Repeat the data verbatim, images excluded.

Given information —
____

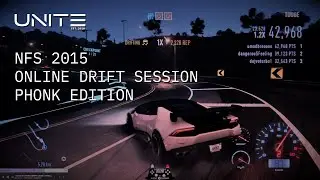 NEED FOR SPEED 2015 UNITE MOD // ONLINE DRIFT SESSION // PHONK MIX // 1440p 60fps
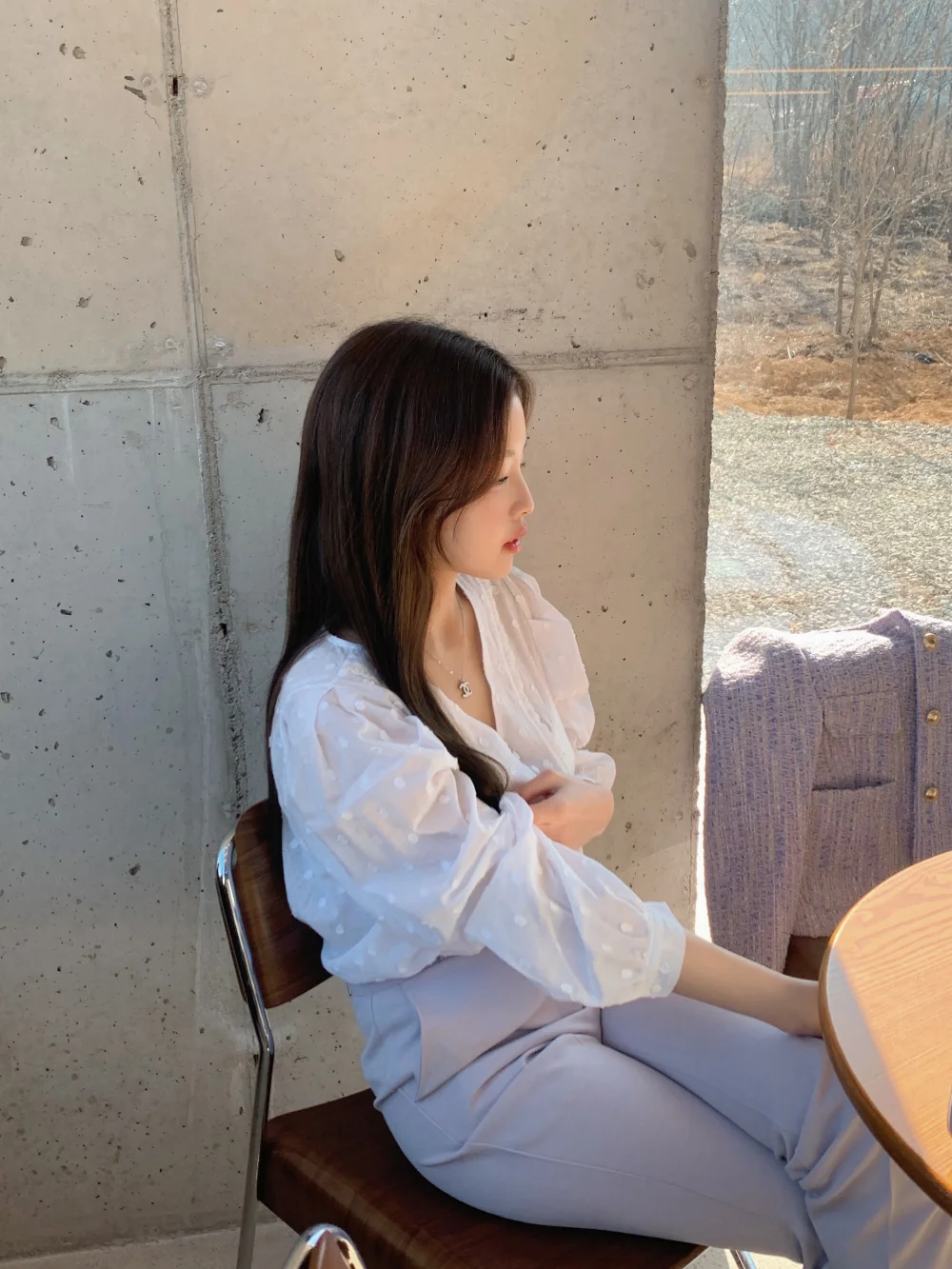 블레이저 모델 착용 이미지-S8L20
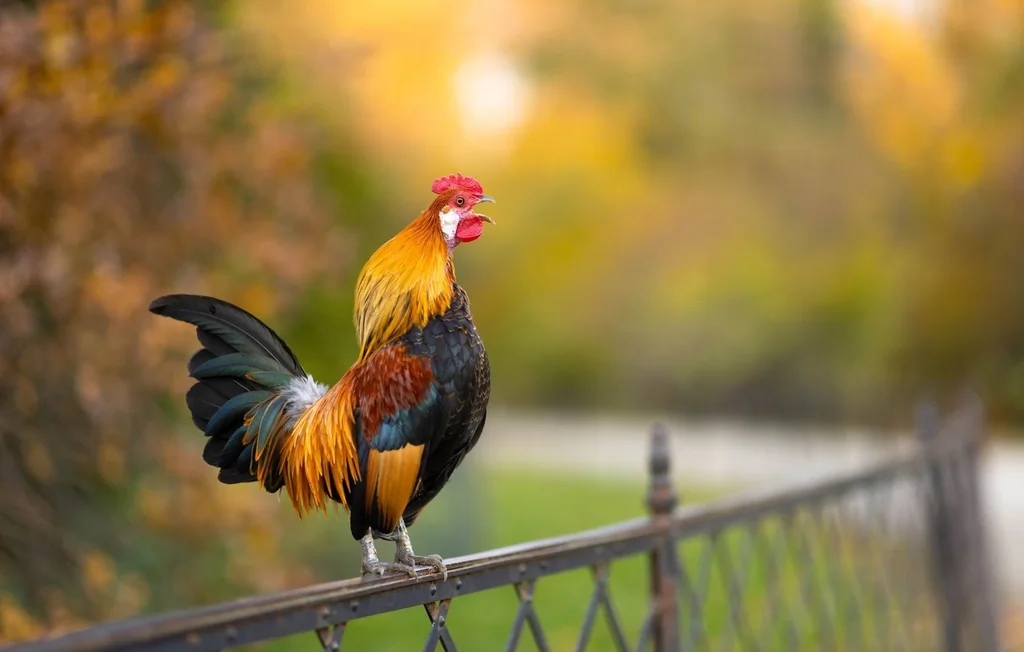Pourquoi le coq chante-t-il ? Le secret de son horloge interne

____

Output below —
 NEED FOR SPEED 2015 UNITE MOD // ONLINE DRIFT SESSION // PHONK MIX // 1440p 60fps
 블레이저 모델 착용 이미지-S8L20
Pourquoi le coq chante-t-il ? Le secret de son horloge interne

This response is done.